> _PROBLEM DESCRIPTION_
Each line from the one containing "Ophryosporus triangularis" to the end of the material below is to be restated exactly, with pictures skipped.

========================================================================

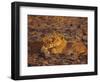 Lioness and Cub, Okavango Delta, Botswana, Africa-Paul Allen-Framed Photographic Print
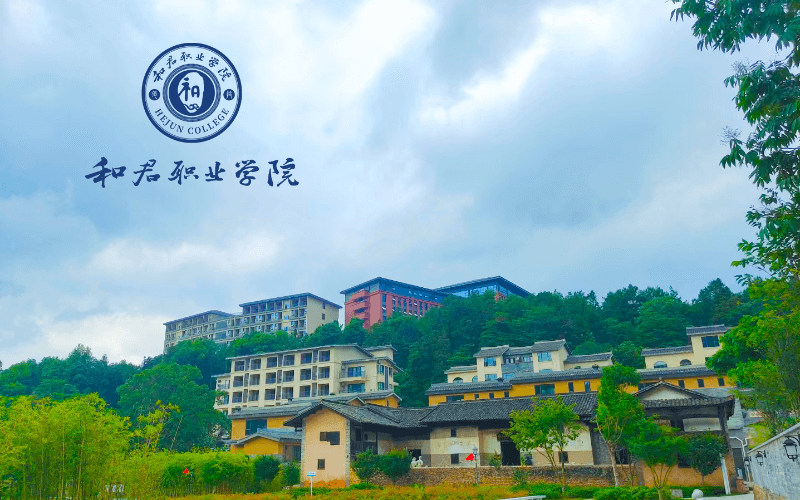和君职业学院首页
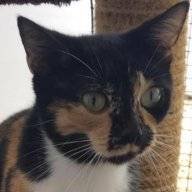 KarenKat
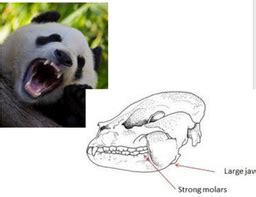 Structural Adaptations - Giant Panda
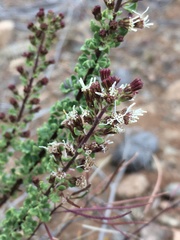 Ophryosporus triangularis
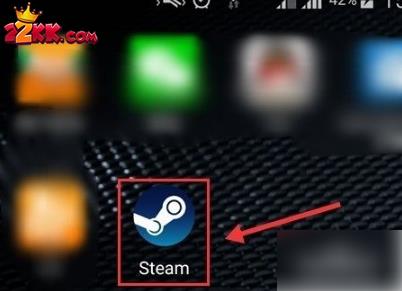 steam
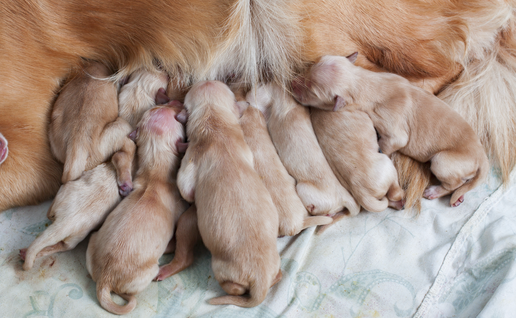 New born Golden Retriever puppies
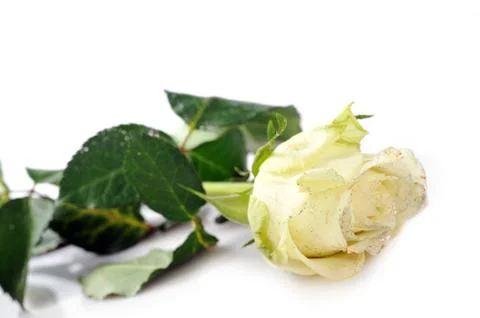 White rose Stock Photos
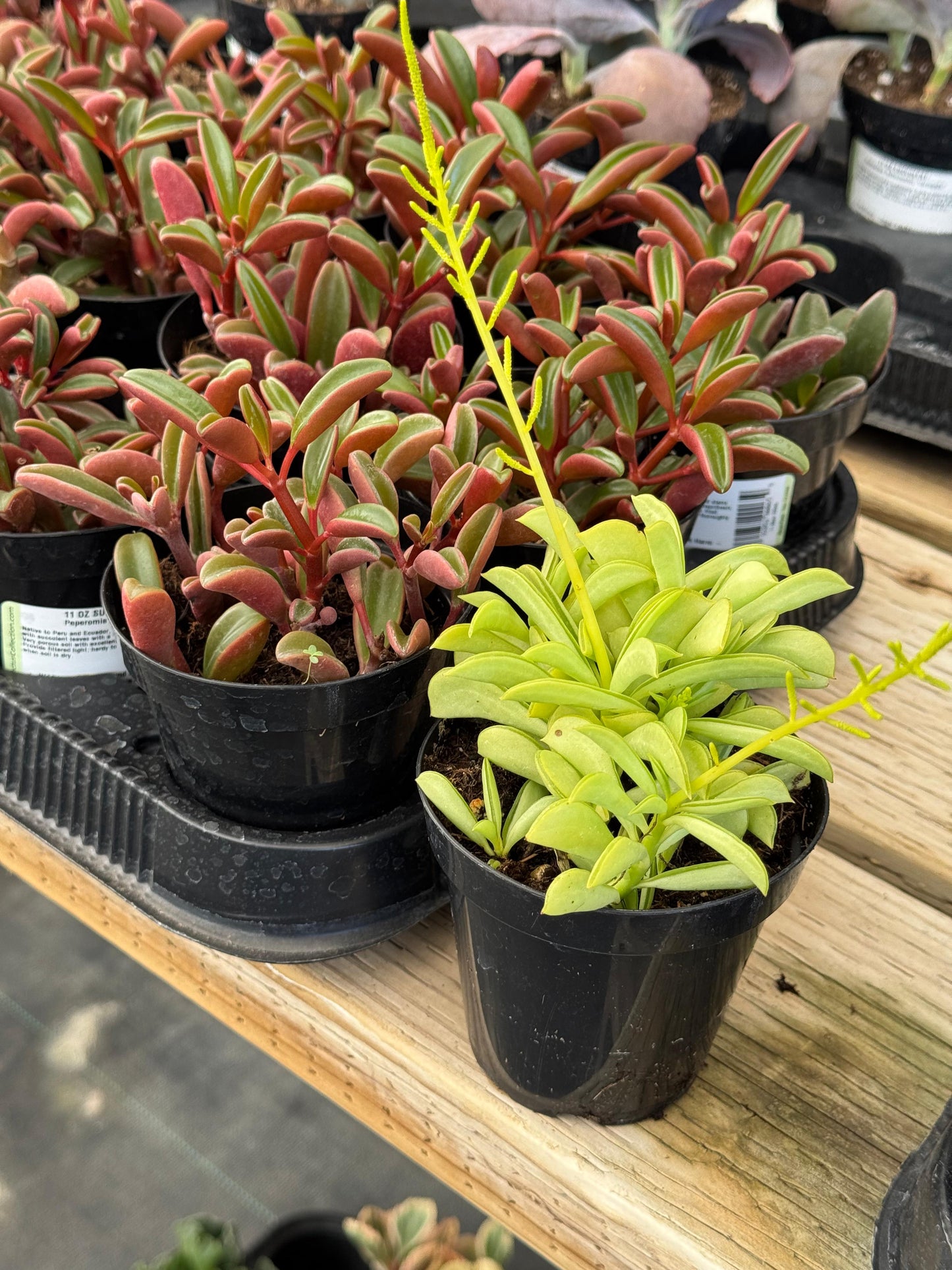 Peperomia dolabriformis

========================================================================

> _RESPONSE FOR THIS EXERCISE_
 Ophryosporus triangularis
 steam
 New born Golden Retriever puppies
 White rose Stock Photos
 Peperomia dolabriformis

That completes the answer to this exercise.